1. Field of the Invention
The invention relates generally to the suppression of interference amongst communication signals. More particularly, the invention relates to the implementation of statistical techniques to interference suppression.
2. Description of the Related Art
Radios may receive three forms of signals: noise, interference and communication. Noise, created in the atmosphere due to natural events such as lightning and the like, is largely unpredictable. Few steps are taken towards its elimination. Interference signals can be caused inadvertently, such as by several stations broadcasting on the same band, or can be caused deliberately, such as by an adversary transmitting signals to mask communication signals. A variety of techniques have been devised to combat interfering signals.
As major sources of radio interference are non-Gaussian in structure, a technique known to be effective in detecting communication signals in the presence of non-Gaussian interference has employed algorithms that estimate the statistics of the interference. This estimate has been used to transform received radios signals into perceptible communication signals.
One such estimation technique creates a probability density function (PDF) from discrete data. A transform is then created based upon the derivative of the natural log of the PDF corresponding to a magnitude, such as signal amplitude. Researchers have estimated PDFs of interfering signal amplitudes by creating histograms of received data. Finite difference operations were then used to estimate required derivatives.
The histogram technique has inherent inefficiencies that prevent its use with effective two-dimensional adaptive algorithms. This approach is known to be numerically unstable and, to be satisfactory, requires that a relatively great number of signal samples be taken. This high sample requirement makes the histogram method computationally demanding and confines its use mainly to dedicated microprocessors, and then primarily for those used with radios that operate in the lower portion of the radio frequency spectrum (low frequency [LF], very low frequency [VLF], extra low frequency [ELF]).
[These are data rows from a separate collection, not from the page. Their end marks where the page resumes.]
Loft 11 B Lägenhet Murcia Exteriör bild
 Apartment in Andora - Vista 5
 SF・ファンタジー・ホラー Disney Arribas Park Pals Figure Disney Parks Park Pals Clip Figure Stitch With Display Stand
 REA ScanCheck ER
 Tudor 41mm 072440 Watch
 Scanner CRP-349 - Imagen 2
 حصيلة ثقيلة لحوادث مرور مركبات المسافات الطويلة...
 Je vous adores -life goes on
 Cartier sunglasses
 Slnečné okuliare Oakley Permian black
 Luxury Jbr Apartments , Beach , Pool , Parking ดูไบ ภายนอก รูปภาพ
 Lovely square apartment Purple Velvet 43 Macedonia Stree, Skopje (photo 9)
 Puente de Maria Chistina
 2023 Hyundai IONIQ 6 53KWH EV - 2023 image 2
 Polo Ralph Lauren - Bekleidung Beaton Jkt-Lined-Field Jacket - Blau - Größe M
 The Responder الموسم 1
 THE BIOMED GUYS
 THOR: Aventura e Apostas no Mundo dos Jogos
For higher frequency ranges, sufficient sampling becomes extremely difficult.
In environments in which interference characteristics are radically and rapidly changing, the necessity to collect a large number of samples over time makes alternative approaches to the histogram technique worth pursuing.
In one such alternative, joint PDFs are estimated as a product of two one-dimensional PDFs but this approach could lead to a loss of performance for some types of interference.
There is thus a need for an interference suppression system that can be used with dedicated or non-dedicated microprocessors, that is suitable for use with radio receivers operating over both lower and upper portions of the radio frequency spectrum and that can provide interference suppression in radically and rapidly changing interference environments without the loss of system performance.